Given entries
____________

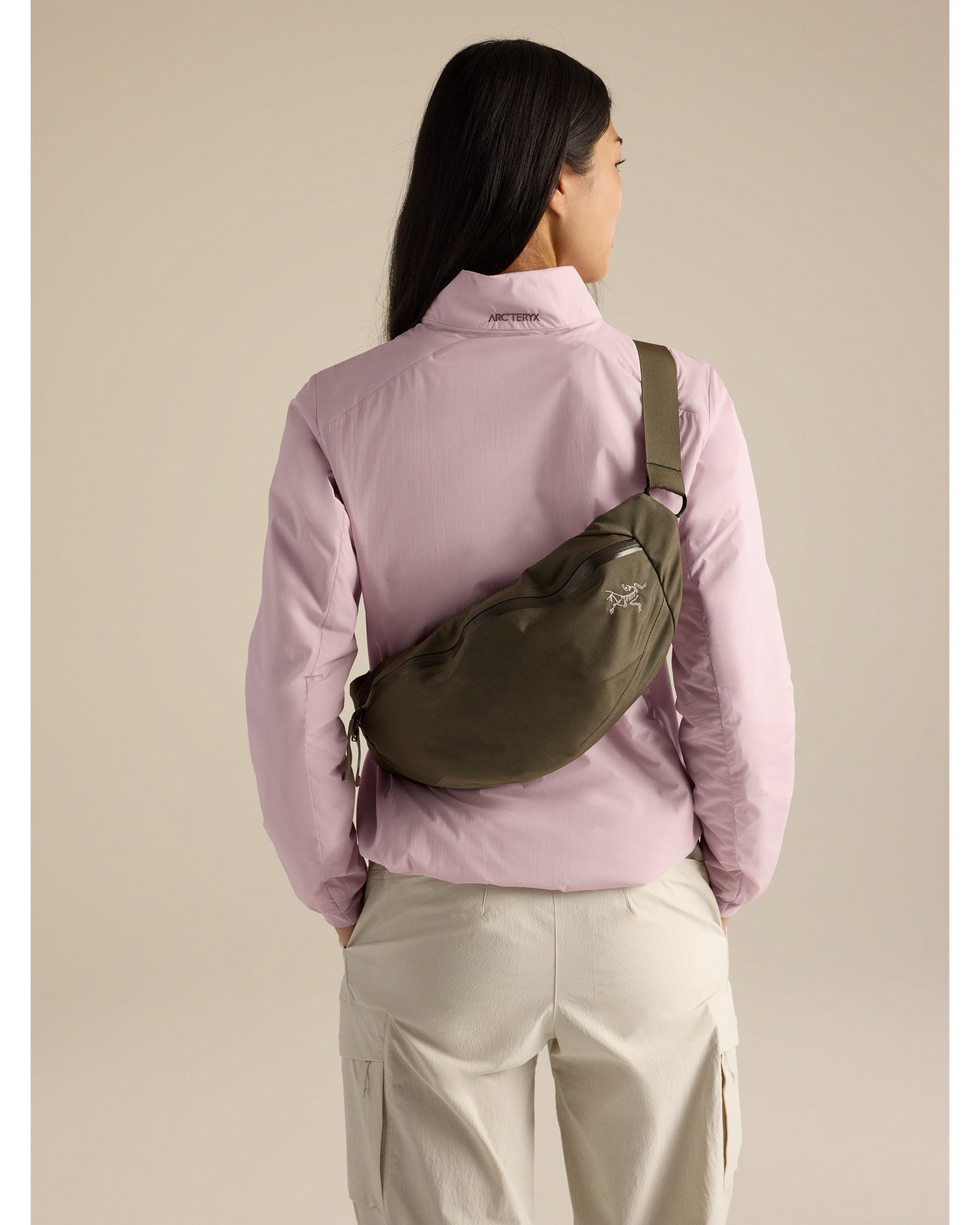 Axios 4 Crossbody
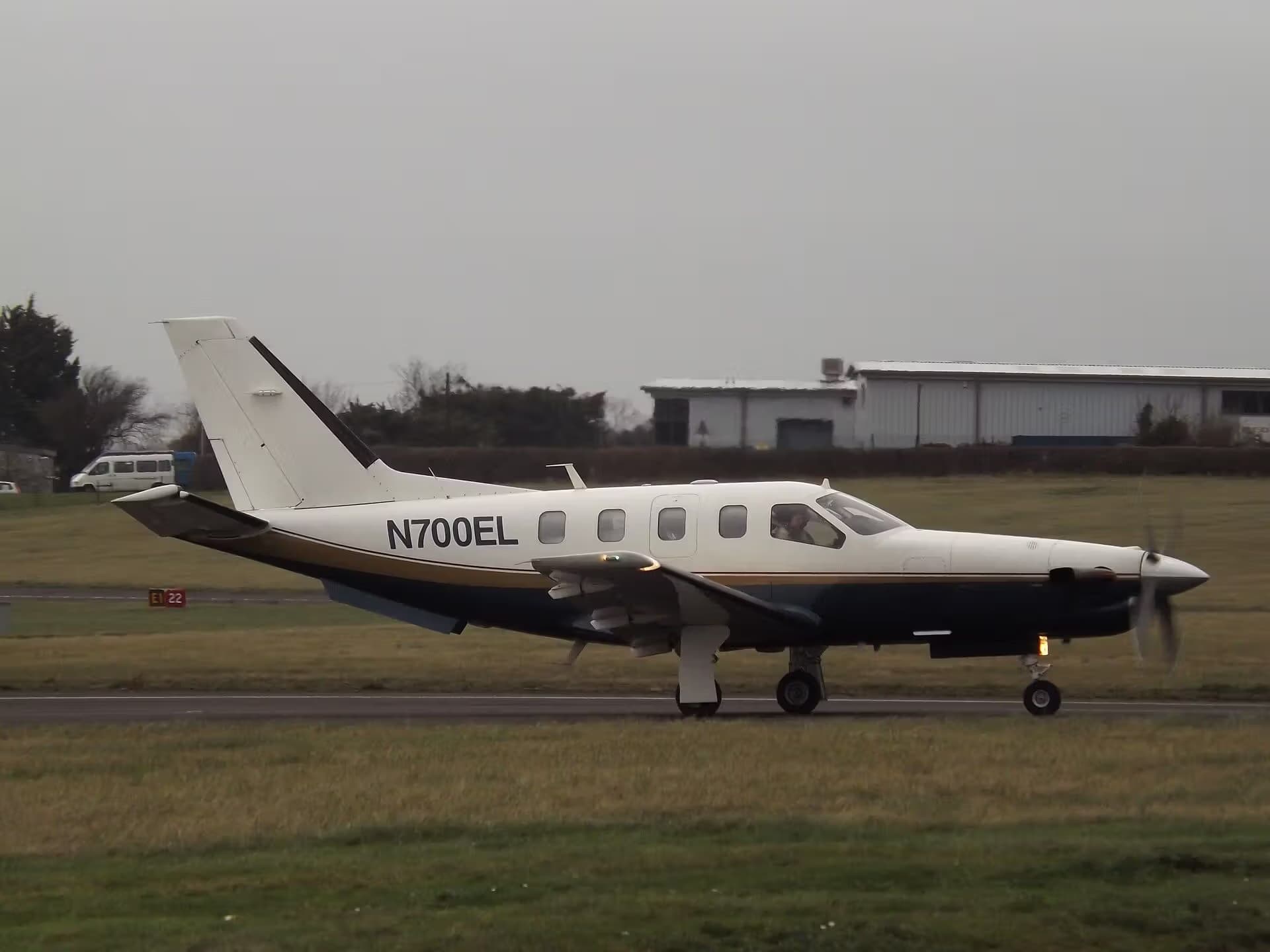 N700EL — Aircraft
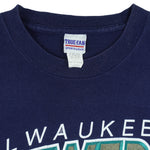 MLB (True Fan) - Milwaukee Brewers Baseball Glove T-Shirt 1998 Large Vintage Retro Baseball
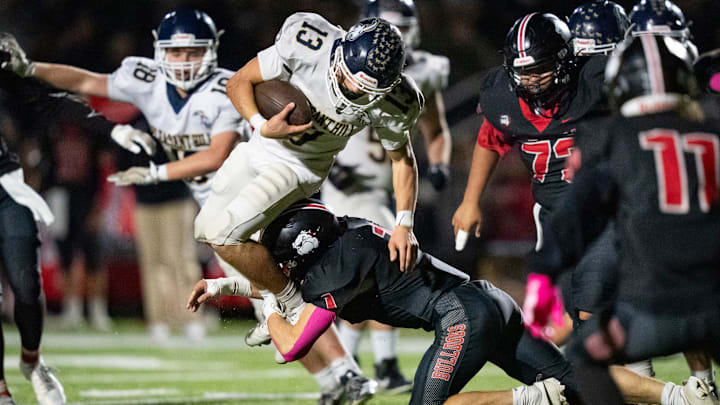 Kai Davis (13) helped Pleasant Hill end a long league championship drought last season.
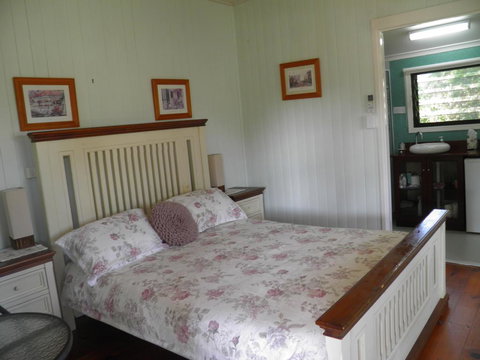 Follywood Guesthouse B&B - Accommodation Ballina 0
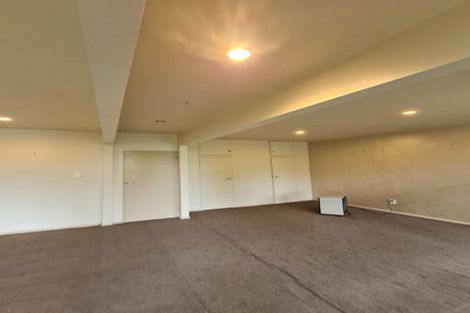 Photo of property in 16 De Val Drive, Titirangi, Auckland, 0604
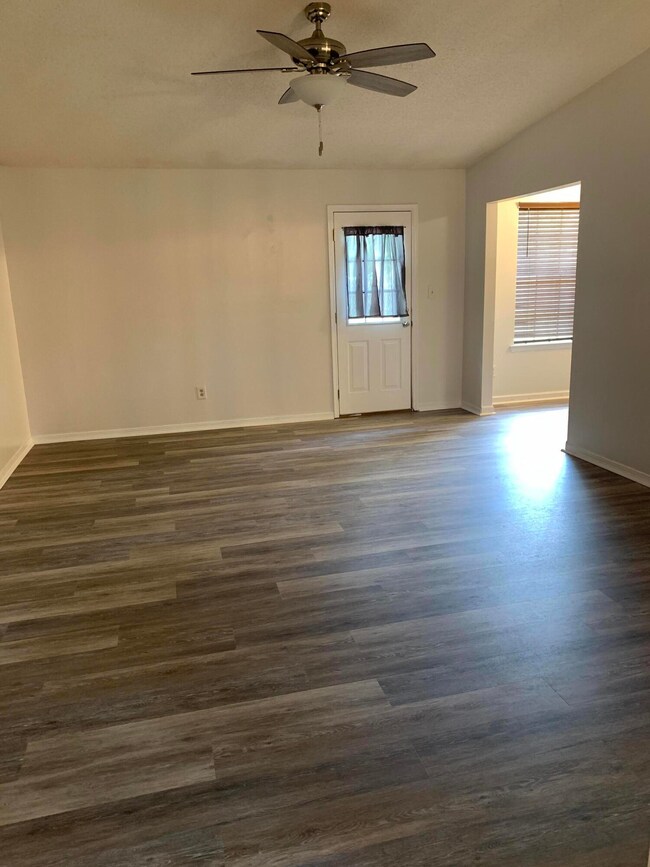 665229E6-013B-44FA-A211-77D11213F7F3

____________

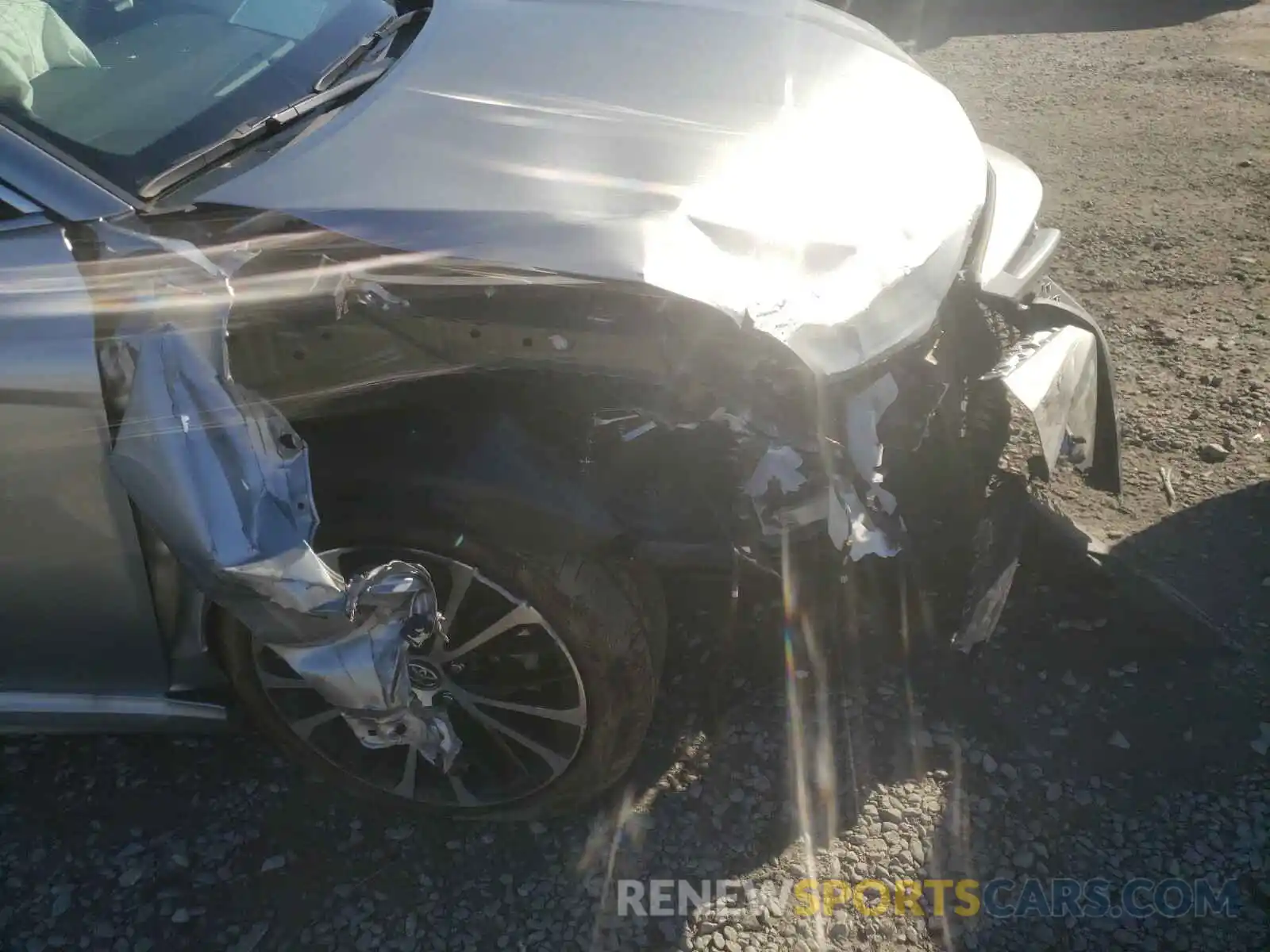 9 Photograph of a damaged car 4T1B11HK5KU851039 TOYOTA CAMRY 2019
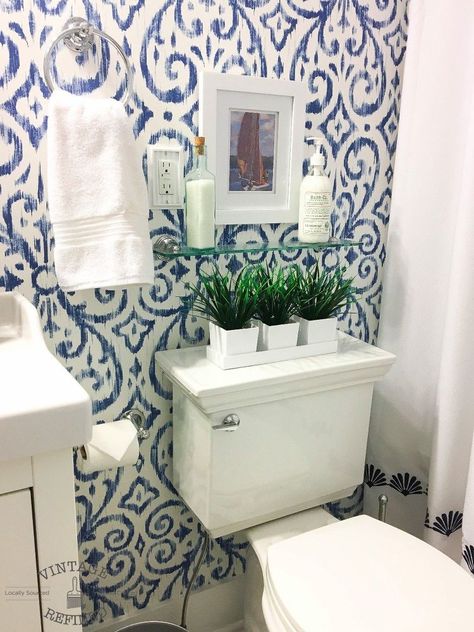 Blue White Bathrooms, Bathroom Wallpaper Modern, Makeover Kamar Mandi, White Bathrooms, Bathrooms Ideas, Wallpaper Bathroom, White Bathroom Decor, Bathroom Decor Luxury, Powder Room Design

____________

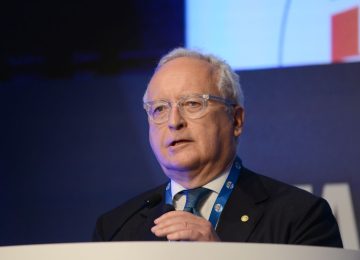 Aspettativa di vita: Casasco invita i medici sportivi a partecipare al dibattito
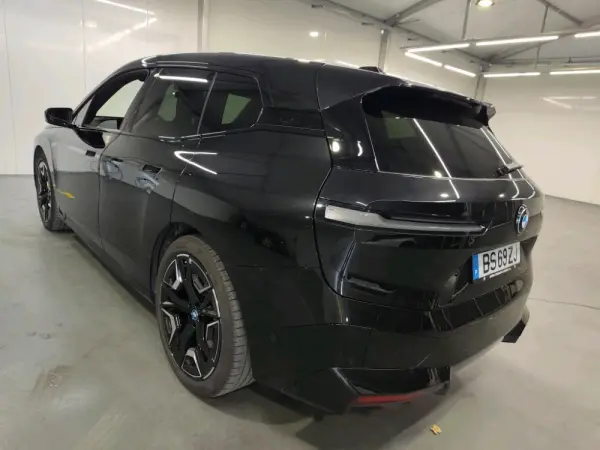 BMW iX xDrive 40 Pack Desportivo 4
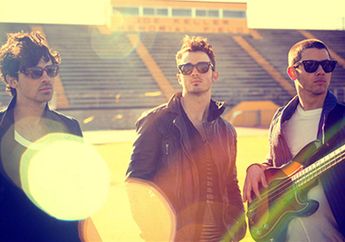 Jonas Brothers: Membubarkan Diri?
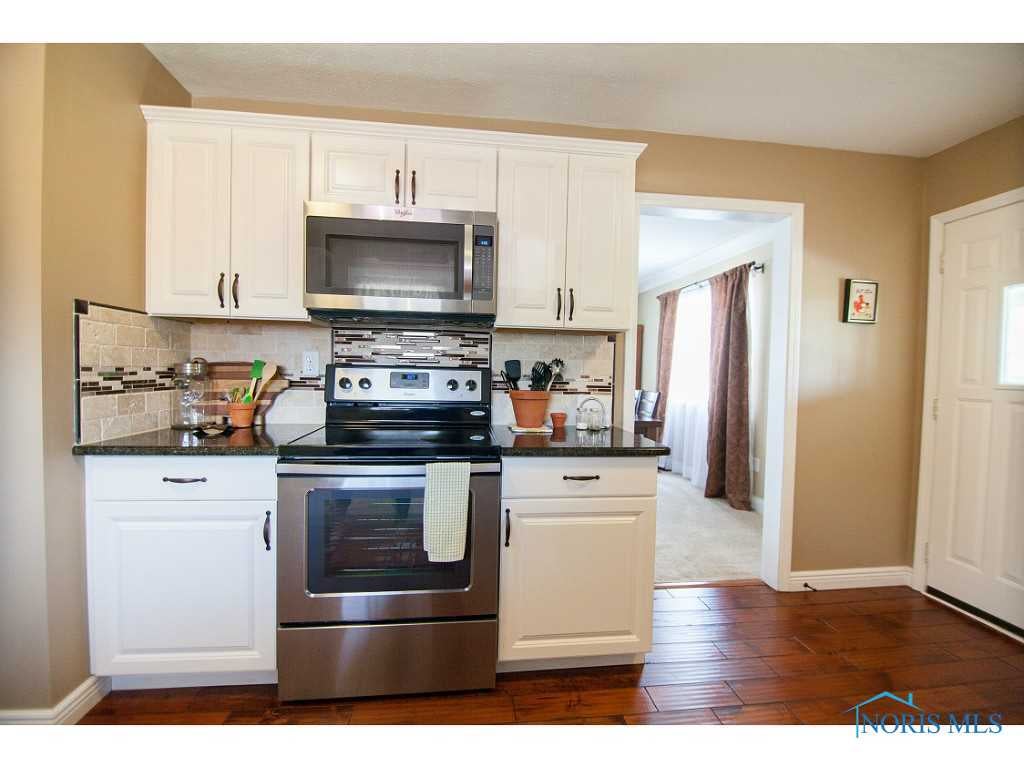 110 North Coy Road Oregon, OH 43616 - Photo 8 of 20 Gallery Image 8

____________

Directions for this task
Within the listing above, the lines starting at the one containing "N700EL — Aircraft" and ending at the one containing "665229E6-013B-44FA-A211-77D11213F7F3" are to be returned exactly. Omit the pictures.

Exercise output
 N700EL — Aircraft
 MLB (True Fan) - Milwaukee Brewers Baseball Glove T-Shirt 1998 Large Vintage Retro Baseball
 Kai Davis (13) helped Pleasant Hill end a long league championship drought last season.
 Follywood Guesthouse B&B - Accommodation Ballina 0
 Photo of property in 16 De Val Drive, Titirangi, Auckland, 0604
 665229E6-013B-44FA-A211-77D11213F7F3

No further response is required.